Graduated Startups from Plan9

Indeed; Plan9 is in its fifth incubation cycle now. It has incubated 68 companies over the last year and a half, out of which 44 have successfully progressed forward. In terms of revenue, these start-ups have generated over $500,000 in the last six months alone.

Fostering the Entrepreneurial Culture

Pakistan is definitely a very enterprising nation. As a society it is impressive how adept we are at welcoming and adopting innovation and new technologies. Additionally, there is no shortage of talent among our people. However, a great paucity of opportunities exists and there is no guidance either. People generally remain unaware of the ways technology can be lucratively used to make money. This is why my main thrust has been in encouraging the idea of tech entrepreneurship through start-up incubation centers and also, at a more fundamental level, through incorporating tech entrepreneurship in the curriculum at ITU.

My focus has generally been on removing the irritants in the process. Incubators bring together like-minded people who are given a stipend, a laptop, a reliable internet connection, constant electricity and an office space, and are encouraged to think outside the proverbial box and come up with innovative new ideas. At Plan9 we also repeatedly call in people who have been successful to mentor our start-ups and encourage them. Only recently we had one of the founders of Skype and also the developer of Angry Birds come in for training sessions. We are looking towards ways to raise venture capital now. I think all of this is a great start and can go a long way in helping lay the foundations of a solid entrepreneurial culture in this society.

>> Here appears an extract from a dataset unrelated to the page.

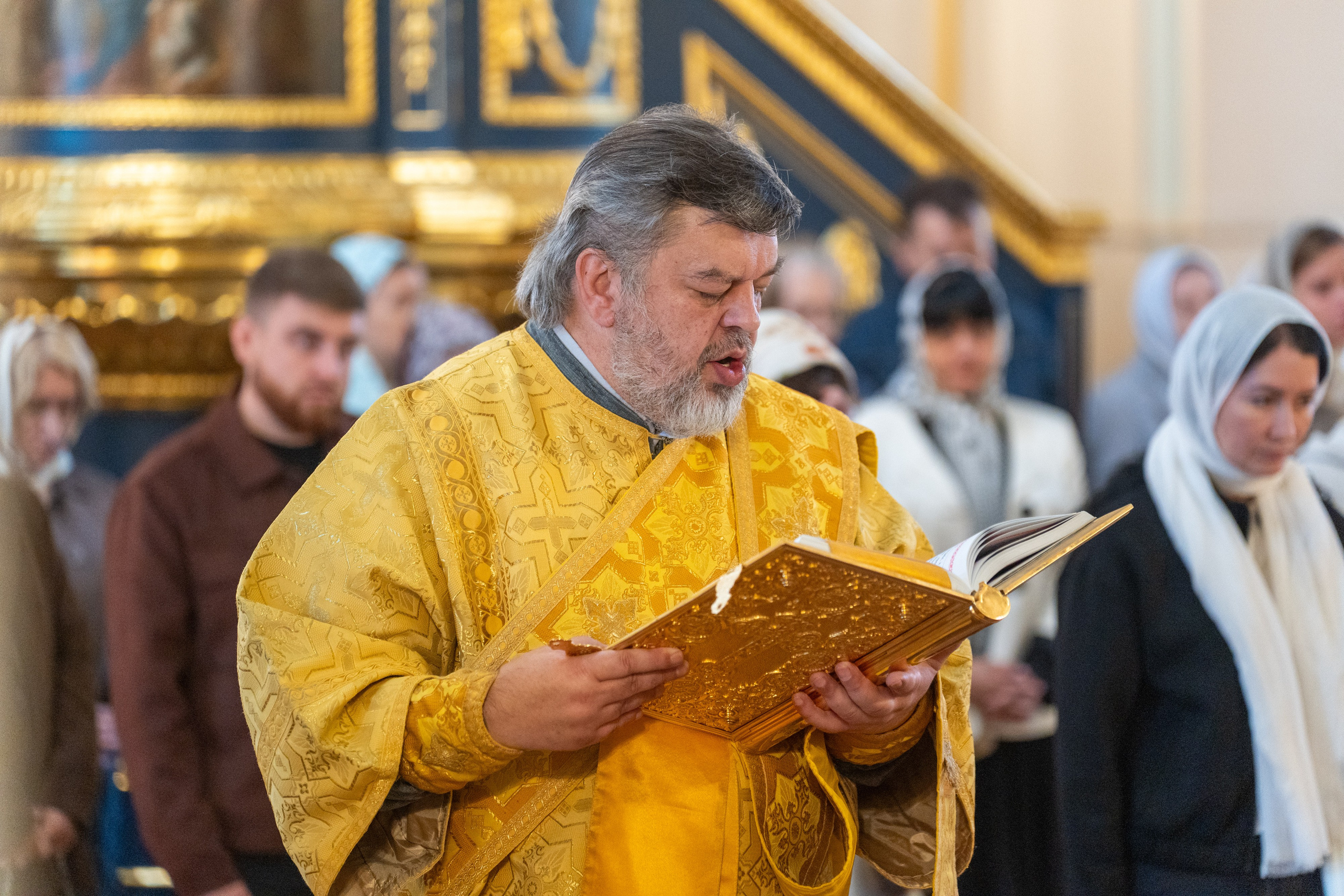 Неделя 14-я по Пятидесятнице. Сщмч. Евтиха, ученика ап. Иоанна Богослова. Свт. Петра, митр. Киевского, Московского и всея Руси, чудотворца. НИКОЛО-БОГОЯВЛЕНСКИЙ МОРСКОЙ СОБОР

Plan9’s University Network Partnerships

This partnership program is a valuable initiative aiming to help universities across the country replicate the model of Plan9. It is a vital step towards expanding the tech-entrepreneurship culture in the country by encouraging students to think in terms of entrepreneurship and guiding them about start-ups. Plan9’s network partners already include NUST-SEECS, GIKI, BNU, NED-UET, FAST-NUCES, Bahria University (Karachi), DotZero and KITE, and we are looking to rapidly expand this network in the near future.

Two Personal Habits

Well, I’ve always kept strong faith in success; as Paul Graham said: “Cultivate the calmness that comes from knowing you will succeed”. You have to have a secure faith in your success in order to take risks and go on despite everything. The second thing, which complements this, has been my tenacity to keep doing what I do without giving up. Of course, alongside, you definitely have to be constantly self-critical as well. There’s a quote by Richard Feynman that I live by, he says “The first principle is that you must not fool yourself – and you are the easiest person to fool.”

The Drive

What excites me most and keeps me going all the time is the exploration of innovative new ideas in both research and entrepreneurship. I love to see the real-world impact of radical ideas and initiatives and this is what has constantly driven me throughout my life. In fact this love for innovation is also the common thread between my life as an academic and researcher and my life as an entrepreneur.

Message for the Youth

 

I’d like to urge them to believe in themselves; Umar said. “Success comes from belief in your capabilities and the strength and determination to succeed in the face of adversity.”

Alongside this need for faith in oneself, I’d say that it also of utmost importance to keep your intentions honest, and allow nothing to sour them. Finally, it is necessary to always remember that there’s no alternative to determination and hard-work no matter how much talent you have. As Paul Graham says, “In most domains, talent is overrated compared to determination—partly because it makes a better story, partly because it gives onlookers an excuse for being lazy, and partly because after a while determination starts to look like talent”.